[Start of section]

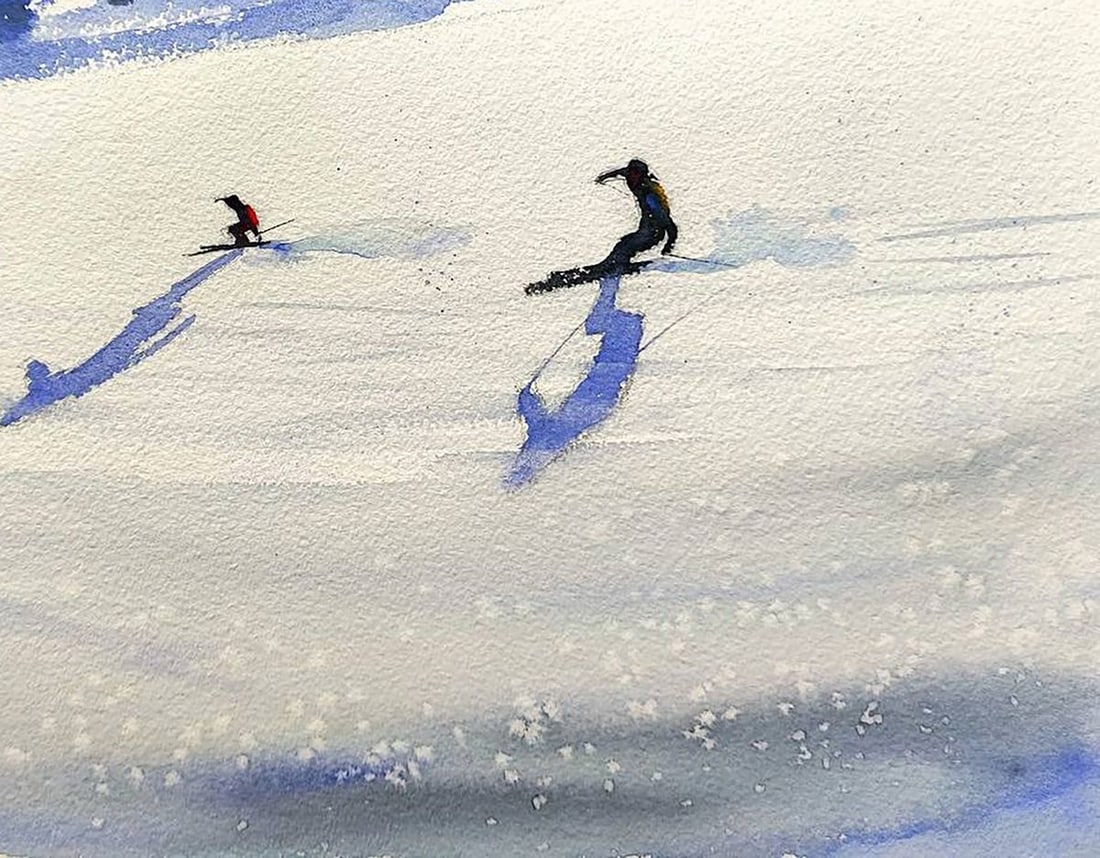 Watercolor painting Skiing Down the Winter Mountains Olena Klimenko - 5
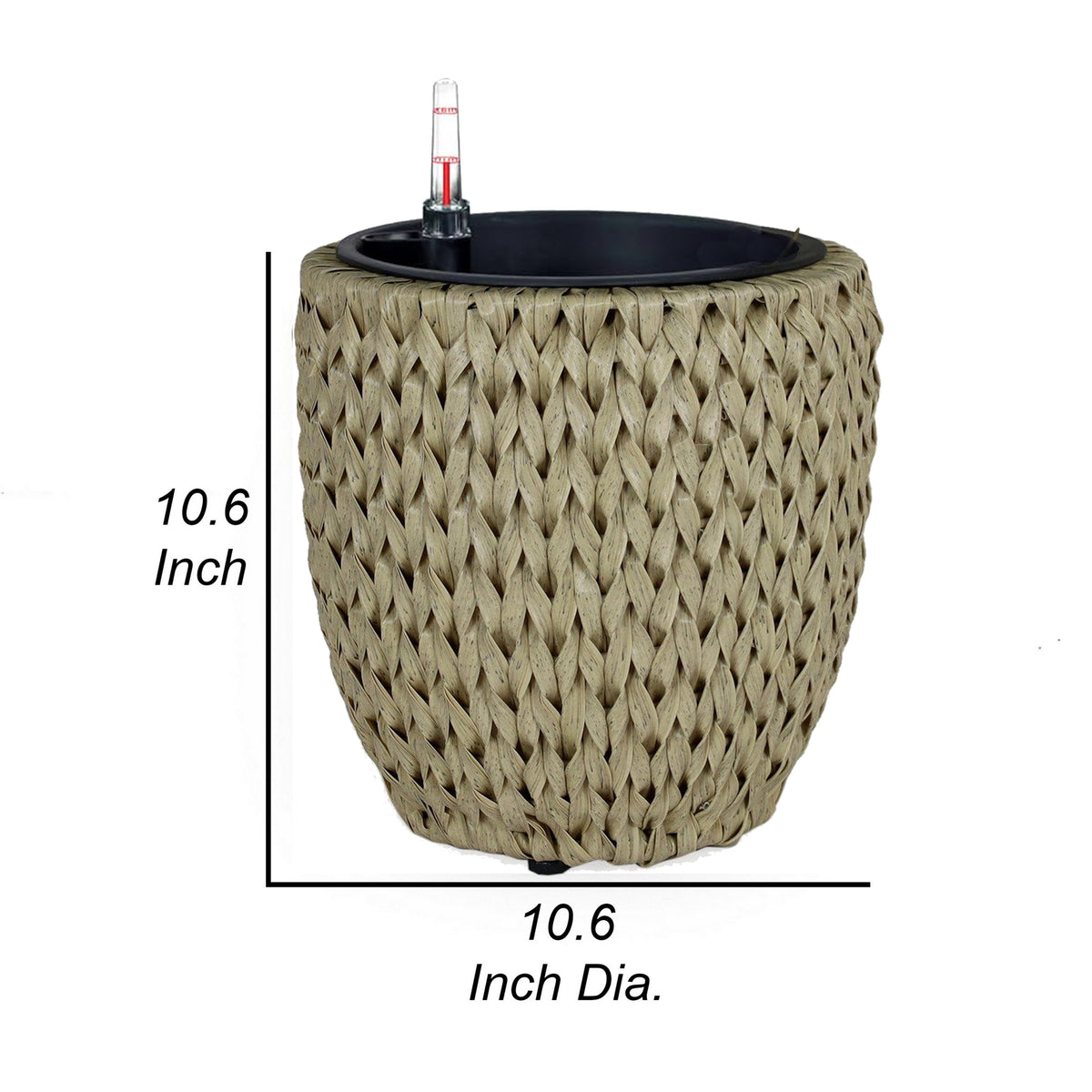 Wiki 11 Inch Self Watering Planter, Handwoven Rattan Wicker, Beige - BM314465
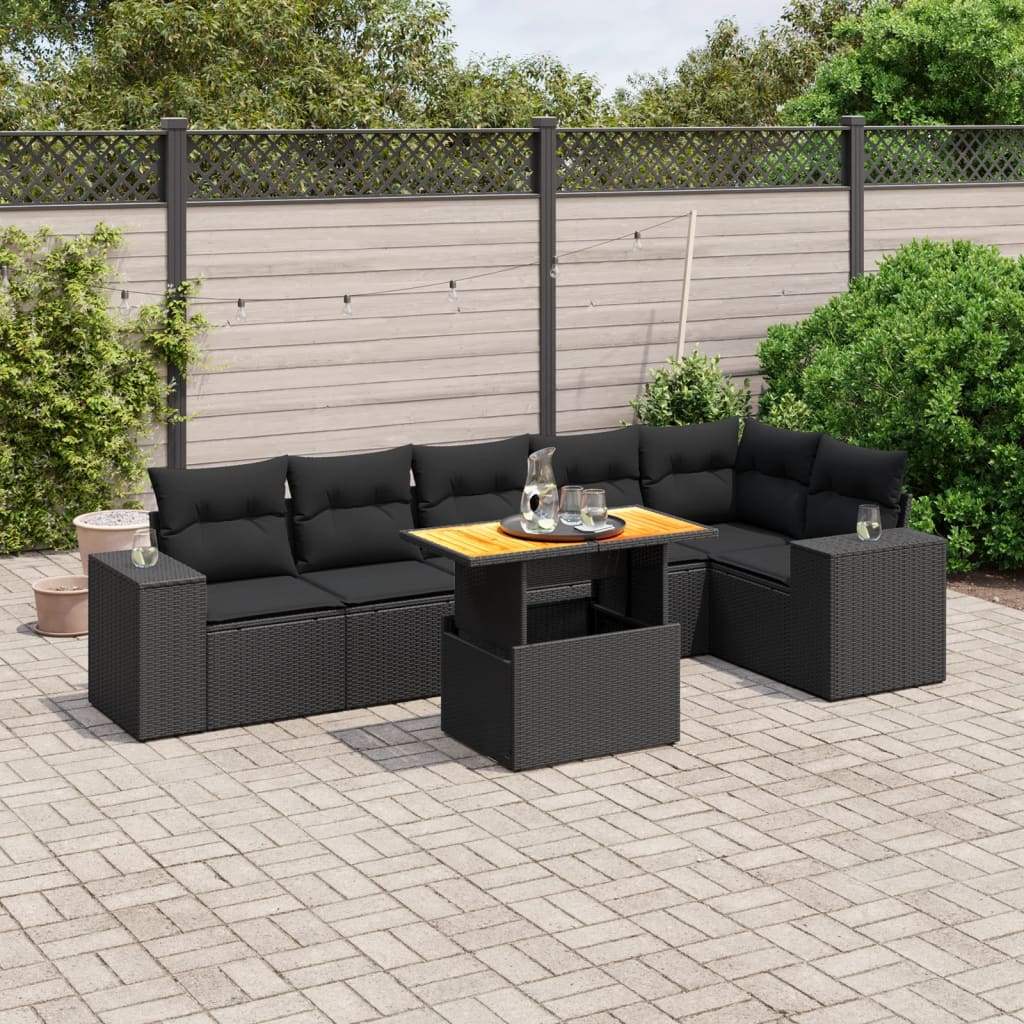 Set Divani da Giardino con Cuscini 7pz Nero Polyrattan - homemem39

[End of section]

What the task requires >> Reproduce the data verbatim and omit each image.

Answer section >>
 Watercolor painting Skiing Down the Winter Mountains Olena Klimenko - 5
 Wiki 11 Inch Self Watering Planter, Handwoven Rattan Wicker, Beige - BM314465
 Set Divani da Giardino con Cuscini 7pz Nero Polyrattan - homemem39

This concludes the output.